Short descriptive text snippets:
....................
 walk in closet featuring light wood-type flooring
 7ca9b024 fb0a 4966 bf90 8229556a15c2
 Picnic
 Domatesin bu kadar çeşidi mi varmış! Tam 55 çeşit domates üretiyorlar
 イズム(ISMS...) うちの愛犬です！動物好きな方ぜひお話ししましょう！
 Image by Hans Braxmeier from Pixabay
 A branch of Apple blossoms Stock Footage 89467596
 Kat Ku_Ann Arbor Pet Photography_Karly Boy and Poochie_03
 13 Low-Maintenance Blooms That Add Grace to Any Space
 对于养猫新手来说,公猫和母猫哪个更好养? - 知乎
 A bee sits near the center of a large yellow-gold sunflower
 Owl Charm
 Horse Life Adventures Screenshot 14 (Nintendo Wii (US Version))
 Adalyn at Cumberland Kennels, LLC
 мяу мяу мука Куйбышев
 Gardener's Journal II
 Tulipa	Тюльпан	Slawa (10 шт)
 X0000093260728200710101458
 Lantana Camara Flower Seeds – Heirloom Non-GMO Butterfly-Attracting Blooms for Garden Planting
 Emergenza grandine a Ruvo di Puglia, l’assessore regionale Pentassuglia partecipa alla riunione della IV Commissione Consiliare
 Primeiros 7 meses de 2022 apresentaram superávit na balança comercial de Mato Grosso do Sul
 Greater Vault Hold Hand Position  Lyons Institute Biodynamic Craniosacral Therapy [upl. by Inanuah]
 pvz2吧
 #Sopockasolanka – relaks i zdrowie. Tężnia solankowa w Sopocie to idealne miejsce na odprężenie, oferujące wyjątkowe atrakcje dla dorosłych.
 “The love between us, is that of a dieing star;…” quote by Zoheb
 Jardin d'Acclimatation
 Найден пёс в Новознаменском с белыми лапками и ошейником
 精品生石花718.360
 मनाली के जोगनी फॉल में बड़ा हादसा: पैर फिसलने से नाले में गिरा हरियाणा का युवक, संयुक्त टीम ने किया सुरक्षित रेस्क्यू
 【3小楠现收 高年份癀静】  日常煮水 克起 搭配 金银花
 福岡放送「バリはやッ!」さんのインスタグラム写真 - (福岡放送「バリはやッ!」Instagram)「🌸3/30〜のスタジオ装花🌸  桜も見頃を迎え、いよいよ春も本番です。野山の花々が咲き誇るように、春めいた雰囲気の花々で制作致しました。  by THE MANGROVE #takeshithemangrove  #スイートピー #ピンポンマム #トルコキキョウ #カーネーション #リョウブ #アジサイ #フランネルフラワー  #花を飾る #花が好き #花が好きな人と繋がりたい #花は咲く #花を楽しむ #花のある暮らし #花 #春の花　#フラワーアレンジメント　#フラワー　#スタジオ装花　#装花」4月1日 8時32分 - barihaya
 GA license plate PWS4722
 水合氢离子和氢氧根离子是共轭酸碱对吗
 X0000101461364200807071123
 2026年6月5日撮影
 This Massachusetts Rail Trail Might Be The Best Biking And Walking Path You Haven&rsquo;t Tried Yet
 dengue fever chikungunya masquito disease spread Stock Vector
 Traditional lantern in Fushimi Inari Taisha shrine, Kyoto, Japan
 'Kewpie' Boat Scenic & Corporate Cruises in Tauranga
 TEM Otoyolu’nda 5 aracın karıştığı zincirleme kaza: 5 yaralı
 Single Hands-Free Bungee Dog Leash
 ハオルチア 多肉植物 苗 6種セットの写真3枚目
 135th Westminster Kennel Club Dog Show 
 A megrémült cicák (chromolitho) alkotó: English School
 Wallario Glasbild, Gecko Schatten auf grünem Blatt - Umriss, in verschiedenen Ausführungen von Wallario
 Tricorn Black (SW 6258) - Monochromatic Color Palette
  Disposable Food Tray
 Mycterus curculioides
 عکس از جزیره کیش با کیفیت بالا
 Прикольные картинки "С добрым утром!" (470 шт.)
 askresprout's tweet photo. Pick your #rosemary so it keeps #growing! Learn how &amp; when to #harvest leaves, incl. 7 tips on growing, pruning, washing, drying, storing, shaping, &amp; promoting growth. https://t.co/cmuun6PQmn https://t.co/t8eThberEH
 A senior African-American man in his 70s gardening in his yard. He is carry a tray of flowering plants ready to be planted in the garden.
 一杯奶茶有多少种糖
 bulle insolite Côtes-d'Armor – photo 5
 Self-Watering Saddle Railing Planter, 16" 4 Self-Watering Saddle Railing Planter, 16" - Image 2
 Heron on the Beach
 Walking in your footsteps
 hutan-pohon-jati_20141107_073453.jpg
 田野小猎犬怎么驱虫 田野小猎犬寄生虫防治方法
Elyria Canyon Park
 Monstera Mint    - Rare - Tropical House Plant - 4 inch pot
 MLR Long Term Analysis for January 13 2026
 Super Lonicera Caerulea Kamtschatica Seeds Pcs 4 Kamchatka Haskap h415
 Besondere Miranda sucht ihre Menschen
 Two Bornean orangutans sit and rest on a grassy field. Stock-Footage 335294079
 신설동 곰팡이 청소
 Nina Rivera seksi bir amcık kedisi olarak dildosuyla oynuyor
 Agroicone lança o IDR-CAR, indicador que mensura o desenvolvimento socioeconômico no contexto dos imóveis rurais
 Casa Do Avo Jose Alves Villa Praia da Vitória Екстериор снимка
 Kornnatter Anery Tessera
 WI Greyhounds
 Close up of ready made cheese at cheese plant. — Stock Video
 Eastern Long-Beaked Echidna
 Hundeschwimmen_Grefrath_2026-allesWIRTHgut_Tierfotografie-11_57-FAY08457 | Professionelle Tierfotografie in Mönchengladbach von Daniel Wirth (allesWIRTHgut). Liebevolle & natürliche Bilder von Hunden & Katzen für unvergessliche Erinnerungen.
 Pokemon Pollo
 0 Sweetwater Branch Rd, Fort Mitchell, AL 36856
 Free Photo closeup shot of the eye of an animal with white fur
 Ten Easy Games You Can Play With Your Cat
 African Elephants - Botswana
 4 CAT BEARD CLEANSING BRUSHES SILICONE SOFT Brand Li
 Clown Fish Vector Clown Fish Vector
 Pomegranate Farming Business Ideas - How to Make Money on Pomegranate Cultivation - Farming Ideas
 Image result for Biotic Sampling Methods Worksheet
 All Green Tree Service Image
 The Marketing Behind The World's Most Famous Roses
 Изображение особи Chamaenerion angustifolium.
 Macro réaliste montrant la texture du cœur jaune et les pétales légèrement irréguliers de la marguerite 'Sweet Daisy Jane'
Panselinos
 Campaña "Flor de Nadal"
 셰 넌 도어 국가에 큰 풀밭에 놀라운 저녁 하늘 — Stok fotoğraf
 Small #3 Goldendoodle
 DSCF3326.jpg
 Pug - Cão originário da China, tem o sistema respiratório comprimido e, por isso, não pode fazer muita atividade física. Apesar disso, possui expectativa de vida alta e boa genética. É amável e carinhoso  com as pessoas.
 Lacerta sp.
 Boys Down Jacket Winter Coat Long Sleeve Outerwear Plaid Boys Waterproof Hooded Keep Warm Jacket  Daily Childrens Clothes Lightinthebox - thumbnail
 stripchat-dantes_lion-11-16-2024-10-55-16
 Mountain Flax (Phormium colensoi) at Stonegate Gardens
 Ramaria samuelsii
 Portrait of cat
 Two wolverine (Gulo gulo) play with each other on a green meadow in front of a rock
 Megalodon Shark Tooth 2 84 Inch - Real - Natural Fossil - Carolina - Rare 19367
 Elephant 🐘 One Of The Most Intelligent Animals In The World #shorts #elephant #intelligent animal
....................
Instructions to follow: Your answer must consist solely of the lines above between the line holding "2026年6月5日撮影" and the line holding "hutan-pohon-jati_20141107_073453.jpg", inclusive, copied exactly.

Answer to the exercise:
 2026年6月5日撮影
 This Massachusetts Rail Trail Might Be The Best Biking And Walking Path You Haven&rsquo;t Tried Yet
 dengue fever chikungunya masquito disease spread Stock Vector
 Traditional lantern in Fushimi Inari Taisha shrine, Kyoto, Japan
 'Kewpie' Boat Scenic & Corporate Cruises in Tauranga
 TEM Otoyolu’nda 5 aracın karıştığı zincirleme kaza: 5 yaralı
 Single Hands-Free Bungee Dog Leash
 ハオルチア 多肉植物 苗 6種セットの写真3枚目
 135th Westminster Kennel Club Dog Show 
 A megrémült cicák (chromolitho) alkotó: English School
 Wallario Glasbild, Gecko Schatten auf grünem Blatt - Umriss, in verschiedenen Ausführungen von Wallario
 Tricorn Black (SW 6258) - Monochromatic Color Palette
  Disposable Food Tray
 Mycterus curculioides
 عکس از جزیره کیش با کیفیت بالا
 Прикольные картинки "С добрым утром!" (470 шт.)
 askresprout's tweet photo. Pick your #rosemary so it keeps #growing! Learn how &amp; when to #harvest leaves, incl. 7 tips on growing, pruning, washing, drying, storing, shaping, &amp; promoting growth. https://t.co/cmuun6PQmn https://t.co/t8eThberEH
 A senior African-American man in his 70s gardening in his yard. He is carry a tray of flowering plants ready to be planted in the garden.
 一杯奶茶有多少种糖
 bulle insolite Côtes-d'Armor – photo 5
 Self-Watering Saddle Railing Planter, 16" 4 Self-Watering Saddle Railing Planter, 16" - Image 2
 Heron on the Beach
 Walking in your footsteps
 hutan-pohon-jati_20141107_073453.jpg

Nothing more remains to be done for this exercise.